On National Sorry Day, Senator Lidia Thorpe is calling on the Albanese Government to urgently implement the recommendations of the 1997 Bringing Them Home report, as the systemic removal and incarceration of Aboriginal and Torres Strait Islander children continues.
The report, which documented the forced removal of Indigenous children from their families, labelled these practices as acts of genocide.
-
Despite the report’s 54 recommendations, only 6% have been fully implemented over the past 28 years.
-
Recent Productivity Commission data shows that First Nations children are being removed from their families at 10 times the rate of non-Indigenous children.
-
Nearly 24,000 First Nations children were in out-of-home care last year — constituting over 43% of all children in the system.
-
The Productivity Commission’s 2025 Report on Government Services showed the child removal system costs $6.6b per year, and the child prison system costs over $1b annually.

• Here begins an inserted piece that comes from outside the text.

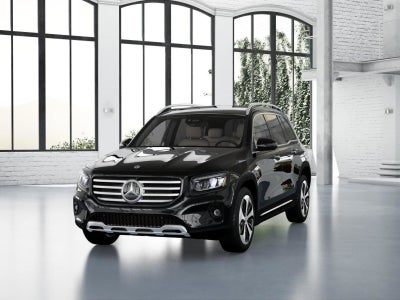 2026 Mercedes-Benz GLB GLB 250 4MATIC®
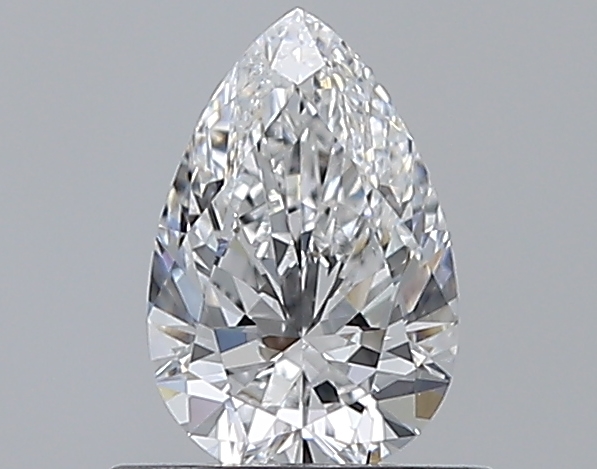 0.59 CaratD-VS2 - Cut Pear Diamond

Quotes attributable to Lidia Thorpe, Gunnai, Gunditjmara and Djab Wurrung independent Victorian Senator:
"Today, kids learn about the Stolen Generations in school, but they’re not taught that these policies never ended. The removal of First Nations children is an ongoing genocidal project being perpetrated through government policy every day.
"The Closing the Gap report shows that, under Labor, a whole new Stolen Generation of children are being subjected to the trauma of removal.
"The Bringing Them Home report, delivered nearly three decades ago, told us what we need to do — implement the recommendations and give our people control over decisions about our children. That report is still sitting on the Minister’s shelf.
"Minister McCarthy and Prime Minister Albanese should be ashamed of what’s happening on their watch. Removals have been rising under Labor, traumatising our families and funnelling our kids into prisons. Labor is doing nothing to stop this system that is deliberately harming our kids.
"We know the government will try to say this is a state issue. But this is a national atrocity unfolding in every jurisdiction. Governments are knowingly placing children in harm’s way, failing to enforce legal protections, and enabling systemic neglect and abuse — including sexual abuse. Many kids have died in state care.
"Child abuse is a crime — so why is there no accountability when the perpetrators are state and territory governments or their contracted service providers?
"First Nations children removed from their families face significantly higher risks of poverty, homelessness, criminalisation, and suicide — outcomes for which governments must be held accountable.
"The federal government has the constitutional power to set standards and hold states and territories accountable. They are choosing not to act.
"This new Parliament must mark the end of excuses. Labor has the numbers. They’ve got a progressive Senate. They’ve got First Peoples willing to work with them. It’s time to stop hiding, start leading, and act on implementing these recommendations.
"If Labor is serious about ending child removals, along with enacting the report’s recommendations, they need to set strong national standards, hold the states to account, and fund culturally safe, community-led programs that keep our kids with family and connected to culture and Country.
"Governments spend billions every year removing and jailing children in this country.
"We could create real positive change if the billions spent harming us were reinvested into our self-determined solutions to keep children in their communities, on their Country.
"There are proven, community-controlled services already doing this work — like Bubup Wilam, Yarrabi Bamirr, and Nelly’s Healing Place. Labor must properly resource these programs and expand them nationally, in full partnership with First Peoples.
"We need a government that is truly committed — not one that holds a morning tea every year to give us crocodile tears and empty apologies while continuing to steal our babies.
"We don’t want cupcakes. We want justice — and our babies brought home.
"I send my love and strength to all the families affected by the child removal and prison systems. I’m fighting with you for truth, justice, and an end to this government-enforced cruelty."